_Work task_. Return every entry exactly. Leave nothing out.

**** Source records

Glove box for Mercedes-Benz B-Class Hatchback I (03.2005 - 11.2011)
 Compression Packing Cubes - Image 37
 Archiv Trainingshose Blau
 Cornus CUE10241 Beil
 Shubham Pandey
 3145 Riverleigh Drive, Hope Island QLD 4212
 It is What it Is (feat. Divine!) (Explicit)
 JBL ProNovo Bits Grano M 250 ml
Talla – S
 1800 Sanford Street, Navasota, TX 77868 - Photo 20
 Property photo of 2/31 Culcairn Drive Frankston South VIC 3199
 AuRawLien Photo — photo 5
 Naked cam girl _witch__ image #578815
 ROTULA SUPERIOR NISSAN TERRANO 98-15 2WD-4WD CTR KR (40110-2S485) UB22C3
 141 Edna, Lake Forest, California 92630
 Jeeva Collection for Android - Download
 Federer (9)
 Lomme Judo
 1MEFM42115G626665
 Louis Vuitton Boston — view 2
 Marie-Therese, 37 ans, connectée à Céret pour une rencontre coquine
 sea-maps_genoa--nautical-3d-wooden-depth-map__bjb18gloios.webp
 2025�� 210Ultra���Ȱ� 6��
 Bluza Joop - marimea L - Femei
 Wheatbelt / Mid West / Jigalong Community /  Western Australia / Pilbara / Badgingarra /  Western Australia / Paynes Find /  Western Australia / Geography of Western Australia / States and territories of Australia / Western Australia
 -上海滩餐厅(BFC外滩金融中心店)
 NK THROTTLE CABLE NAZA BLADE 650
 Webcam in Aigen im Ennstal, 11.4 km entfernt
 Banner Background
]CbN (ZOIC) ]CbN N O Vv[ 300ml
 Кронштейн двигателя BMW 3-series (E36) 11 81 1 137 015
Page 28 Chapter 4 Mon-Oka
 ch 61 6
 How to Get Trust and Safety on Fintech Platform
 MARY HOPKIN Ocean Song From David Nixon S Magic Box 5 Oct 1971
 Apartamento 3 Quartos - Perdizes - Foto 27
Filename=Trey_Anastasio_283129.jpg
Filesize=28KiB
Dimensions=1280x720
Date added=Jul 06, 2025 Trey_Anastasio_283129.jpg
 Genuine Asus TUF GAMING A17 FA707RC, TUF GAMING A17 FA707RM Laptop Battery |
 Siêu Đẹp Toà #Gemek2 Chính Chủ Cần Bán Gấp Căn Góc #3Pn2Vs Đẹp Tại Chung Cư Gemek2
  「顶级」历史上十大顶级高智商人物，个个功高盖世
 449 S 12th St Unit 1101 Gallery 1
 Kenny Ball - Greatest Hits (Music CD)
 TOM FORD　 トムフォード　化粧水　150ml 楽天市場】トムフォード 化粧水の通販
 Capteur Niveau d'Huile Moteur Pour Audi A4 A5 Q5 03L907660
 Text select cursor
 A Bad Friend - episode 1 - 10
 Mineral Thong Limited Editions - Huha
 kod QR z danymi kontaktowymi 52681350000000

********

_Answer section_.
Glove box for Mercedes-Benz B-Class Hatchback I (03.2005 - 11.2011)
 Compression Packing Cubes - Image 37
 Archiv Trainingshose Blau
 Cornus CUE10241 Beil
 Shubham Pandey
 3145 Riverleigh Drive, Hope Island QLD 4212
 It is What it Is (feat. Divine!) (Explicit)
 JBL ProNovo Bits Grano M 250 ml
Talla – S
 1800 Sanford Street, Navasota, TX 77868 - Photo 20
 Property photo of 2/31 Culcairn Drive Frankston South VIC 3199
 AuRawLien Photo — photo 5
 Naked cam girl _witch__ image #578815
 ROTULA SUPERIOR NISSAN TERRANO 98-15 2WD-4WD CTR KR (40110-2S485) UB22C3
 141 Edna, Lake Forest, California 92630
 Jeeva Collection for Android - Download
 Federer (9)
 Lomme Judo
 1MEFM42115G626665
 Louis Vuitton Boston — view 2
 Marie-Therese, 37 ans, connectée à Céret pour une rencontre coquine
 sea-maps_genoa--nautical-3d-wooden-depth-map__bjb18gloios.webp
 2025�� 210Ultra���Ȱ� 6��
 Bluza Joop - marimea L - Femei
 Wheatbelt / Mid West / Jigalong Community /  Western Australia / Pilbara / Badgingarra /  Western Australia / Paynes Find /  Western Australia / Geography of Western Australia / States and territories of Australia / Western Australia
 -上海滩餐厅(BFC外滩金融中心店)
 NK THROTTLE CABLE NAZA BLADE 650
 Webcam in Aigen im Ennstal, 11.4 km entfernt
 Banner Background
]CbN (ZOIC) ]CbN N O Vv[ 300ml
 Кронштейн двигателя BMW 3-series (E36) 11 81 1 137 015
Page 28 Chapter 4 Mon-Oka
 ch 61 6
 How to Get Trust and Safety on Fintech Platform
 MARY HOPKIN Ocean Song From David Nixon S Magic Box 5 Oct 1971
 Apartamento 3 Quartos - Perdizes - Foto 27
Filename=Trey_Anastasio_283129.jpg
Filesize=28KiB
Dimensions=1280x720
Date added=Jul 06, 2025 Trey_Anastasio_283129.jpg
 Genuine Asus TUF GAMING A17 FA707RC, TUF GAMING A17 FA707RM Laptop Battery |
 Siêu Đẹp Toà #Gemek2 Chính Chủ Cần Bán Gấp Căn Góc #3Pn2Vs Đẹp Tại Chung Cư Gemek2
  「顶级」历史上十大顶级高智商人物，个个功高盖世
 449 S 12th St Unit 1101 Gallery 1
 Kenny Ball - Greatest Hits (Music CD)
 TOM FORD　 トムフォード　化粧水　150ml 楽天市場】トムフォード 化粧水の通販
 Capteur Niveau d'Huile Moteur Pour Audi A4 A5 Q5 03L907660
 Text select cursor
 A Bad Friend - episode 1 - 10
 Mineral Thong Limited Editions - Huha
 kod QR z danymi kontaktowymi 52681350000000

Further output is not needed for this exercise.